__Aim of the task__: The records below must be reproduced exactly. Strip out the pictures.

'''

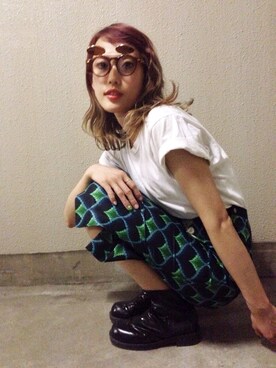 青柳美恵さんのコーディネート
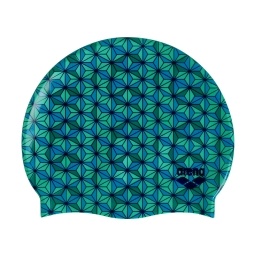 Gorra Nataci�n Adulto Silicona Dise�o Estrella ARENA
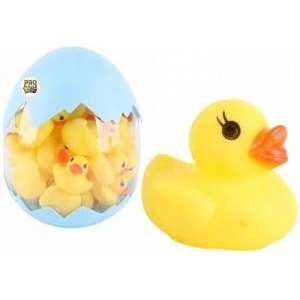 Pro Kids Duck for bath 38pcs in egg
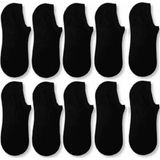Gezen Çorap Sneaker Kısa Patik Çorap Görünmez Pamuklu Yumuşak 10 Lu Paket 84757589 - 36 - 41 - Siyah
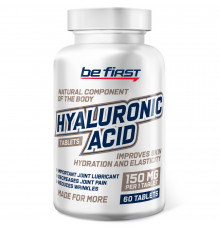 Be First Hyaluronic Acid 60 таблеток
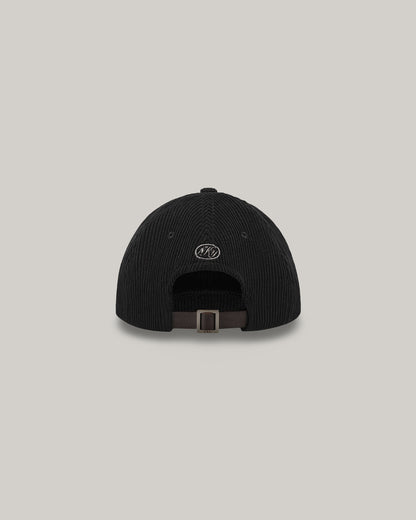 KNICKERBOCKER STADIUM CORDUROY CAP - BLACK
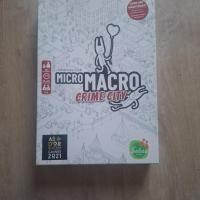 Boîte de MicroMacro Crime City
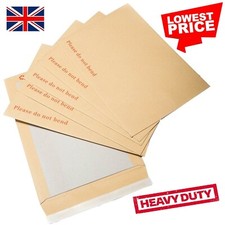 Do Not Bend A6 C6 A5 C5 A4 C4 B4 A3 C3 Hard Back CardBoard Card Backed Envelopes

'''

__Your response__:
 青柳美恵さんのコーディネート
 Gorra Nataci�n Adulto Silicona Dise�o Estrella ARENA
 Pro Kids Duck for bath 38pcs in egg
Gezen Çorap Sneaker Kısa Patik Çorap Görünmez Pamuklu Yumuşak 10 Lu Paket 84757589 - 36 - 41 - Siyah
 Be First Hyaluronic Acid 60 таблеток
 KNICKERBOCKER STADIUM CORDUROY CAP - BLACK
 Boîte de MicroMacro Crime City
 Do Not Bend A6 C6 A5 C5 A4 C4 B4 A3 C3 Hard Back CardBoard Card Backed Envelopes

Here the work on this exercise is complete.